Mr. Yakushin is one of our own. He was a newspaper correspondent, an
editorial writer, a magazine editor, a television anchor before becoming
press secretary to former president Boris Yeltsin and his deputy chief of
administration.

As always during the question and answer portion of our program, we ask that
you let us know your name and affiliation before asking your question. And
by tradition, we would ask that the first question would come from a member
of the National Press Club.

Please join me in welcoming Dimitri Yakushin to the National Press Club.

MR. YAKUSHIN: Yes. Hello.

I'm a journalist. I was a journalist for almost all my career. I started
working in journalism about 20, 25 years ago. A year and a half ago I was
asked to become press secretary for President Yeltsin. I accepted. I worked
with him for a year and a half. I don't regret this time. It was an
extremely interesting time with Mr. Yeltsin, in particular personally, and
personally for me also because, you know, this time of -- it's a difficult
time, very difficult time, and the stakes, when I accepted this post, were
absolutely obvious to everybody, including to me. But I accepted them. I
don't regret that. I think it was very interesting and exciting even.

And for the moment I haven't left the administration; I'm working with a new
team, I'm working with the new president. I'm not yet press secretary. I
think that you can be press secretary only once in a lifetime, because it's
a very personal job, where you have to establish certain close relations
with the man you're working with. I think that I managed to establish those
kind of relations with Mr. Yeltsin. At least I hope I managed that.

And I thought that this would be kind of a question and answer session,
probably even more off the record, but I see that there are cameras. I'm
used to holding press conferences and answering questions, and this will
make only -- the presence of those cameras and the fact that this is on the
record will make it more official, from my side, for my part, because I'm
not an analyst, I'm not a journalist, I'm a government servant, and that
also casts its influence on what -- how I will respond to your questions.
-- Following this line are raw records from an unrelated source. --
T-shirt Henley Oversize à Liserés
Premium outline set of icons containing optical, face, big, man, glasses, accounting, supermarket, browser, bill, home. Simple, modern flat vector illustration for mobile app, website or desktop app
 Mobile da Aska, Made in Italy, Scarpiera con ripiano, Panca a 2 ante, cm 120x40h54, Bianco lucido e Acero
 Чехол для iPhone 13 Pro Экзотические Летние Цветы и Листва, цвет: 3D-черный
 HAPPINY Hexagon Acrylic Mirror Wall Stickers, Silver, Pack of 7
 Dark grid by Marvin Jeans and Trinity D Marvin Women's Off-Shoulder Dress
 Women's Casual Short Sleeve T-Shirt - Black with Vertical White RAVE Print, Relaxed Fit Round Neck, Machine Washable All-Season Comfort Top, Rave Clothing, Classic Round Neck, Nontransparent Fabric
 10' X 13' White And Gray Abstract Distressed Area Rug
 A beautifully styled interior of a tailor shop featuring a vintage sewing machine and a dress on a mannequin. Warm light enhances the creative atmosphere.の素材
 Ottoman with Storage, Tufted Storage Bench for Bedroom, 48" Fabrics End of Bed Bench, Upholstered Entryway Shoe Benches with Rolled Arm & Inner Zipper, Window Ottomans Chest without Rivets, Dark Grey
The last thing I would like to say is that we're entering a new time -- a
new time because not only it's the year 2000 -- it's not yet the new
century, but it's the end of one decade and the opening of another, the end
of a decade during which Mr. Yeltsin was -- occupied the post, number one --
the most important post in the country. And it was not only the fact that he
formally occupied that post, but he was the major politician in Russia, and
he was the most -- strongest politician in Russia. He was a real leader, and
he influenced the course of events in Russia for these 10 years. And
actually how he chose to leave the office -- the moment -- the statement
that he made actually also proves that he still influences Russian politics,
and he's the master of the game. He set the rules.

And even while leaving, even disappearing from public view -- because he has
left, left finally, he has given his office to Mr. Putin, and really
formally given up his office. I mean, he took his coats, he took his
personal belongings, his photos of his grandchildren, books which he liked,
just took it off his table, left the office to Mr. Putin, said, "This is
your place, you're going to work here," not going back to the Kremlin.
That's final. He may have some kind of quarters where he could have a
secretary there, but there is no second -- the important thing is, as some
newspapers speculated right after his resignation, that there will be a
double center of power -- no, he has gone definitely.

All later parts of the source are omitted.